> Work to be completed
For each line in the material below that holds "Hotel", copy that line.

◆ ◆ ◆ ◆ ◆ ◆ ◆

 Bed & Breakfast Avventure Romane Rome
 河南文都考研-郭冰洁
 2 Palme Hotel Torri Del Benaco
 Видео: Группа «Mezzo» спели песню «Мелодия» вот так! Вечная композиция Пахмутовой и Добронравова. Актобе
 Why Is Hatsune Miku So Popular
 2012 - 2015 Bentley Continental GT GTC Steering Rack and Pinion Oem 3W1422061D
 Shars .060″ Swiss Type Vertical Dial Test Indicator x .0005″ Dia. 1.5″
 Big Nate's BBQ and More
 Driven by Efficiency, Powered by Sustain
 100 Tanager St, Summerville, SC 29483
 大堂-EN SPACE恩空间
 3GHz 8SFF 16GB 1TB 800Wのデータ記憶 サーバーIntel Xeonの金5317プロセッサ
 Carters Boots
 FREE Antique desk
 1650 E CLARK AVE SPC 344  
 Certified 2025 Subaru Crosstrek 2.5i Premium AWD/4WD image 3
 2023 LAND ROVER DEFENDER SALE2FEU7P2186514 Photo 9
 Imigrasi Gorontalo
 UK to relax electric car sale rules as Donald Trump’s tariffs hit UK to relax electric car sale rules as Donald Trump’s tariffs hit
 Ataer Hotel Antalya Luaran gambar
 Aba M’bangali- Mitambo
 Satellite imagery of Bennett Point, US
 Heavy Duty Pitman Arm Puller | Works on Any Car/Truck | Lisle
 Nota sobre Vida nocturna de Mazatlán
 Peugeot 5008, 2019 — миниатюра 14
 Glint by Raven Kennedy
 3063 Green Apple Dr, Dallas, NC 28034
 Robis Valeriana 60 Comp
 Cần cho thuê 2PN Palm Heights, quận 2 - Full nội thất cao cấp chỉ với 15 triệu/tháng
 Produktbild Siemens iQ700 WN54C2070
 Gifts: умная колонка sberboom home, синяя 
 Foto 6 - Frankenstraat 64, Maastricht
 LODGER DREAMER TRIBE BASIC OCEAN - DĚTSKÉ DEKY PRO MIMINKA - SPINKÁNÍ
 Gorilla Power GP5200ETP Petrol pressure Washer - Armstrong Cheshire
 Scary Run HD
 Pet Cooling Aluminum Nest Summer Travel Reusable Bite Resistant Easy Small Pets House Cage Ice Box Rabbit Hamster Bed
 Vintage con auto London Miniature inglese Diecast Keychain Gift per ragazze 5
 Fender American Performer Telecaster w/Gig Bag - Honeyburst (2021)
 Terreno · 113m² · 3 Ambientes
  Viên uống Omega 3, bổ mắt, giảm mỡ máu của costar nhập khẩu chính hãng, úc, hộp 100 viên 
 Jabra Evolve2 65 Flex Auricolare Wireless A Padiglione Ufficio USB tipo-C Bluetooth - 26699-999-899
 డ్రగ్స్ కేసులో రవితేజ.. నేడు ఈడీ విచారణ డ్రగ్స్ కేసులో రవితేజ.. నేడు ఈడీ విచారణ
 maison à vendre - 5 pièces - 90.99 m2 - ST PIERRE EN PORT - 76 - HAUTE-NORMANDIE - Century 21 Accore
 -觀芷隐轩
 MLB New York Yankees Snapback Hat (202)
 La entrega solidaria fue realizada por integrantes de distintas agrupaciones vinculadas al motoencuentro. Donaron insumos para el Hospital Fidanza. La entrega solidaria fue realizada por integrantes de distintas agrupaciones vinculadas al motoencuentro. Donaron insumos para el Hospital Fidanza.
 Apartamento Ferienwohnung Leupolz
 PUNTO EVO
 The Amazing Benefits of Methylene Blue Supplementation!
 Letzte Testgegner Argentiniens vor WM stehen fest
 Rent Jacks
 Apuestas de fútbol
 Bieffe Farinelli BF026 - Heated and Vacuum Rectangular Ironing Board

◆ ◆ ◆ ◆ ◆ ◆ ◆

> Result of the exercise
 2 Palme Hotel Torri Del Benaco
 Ataer Hotel Antalya Luaran gambar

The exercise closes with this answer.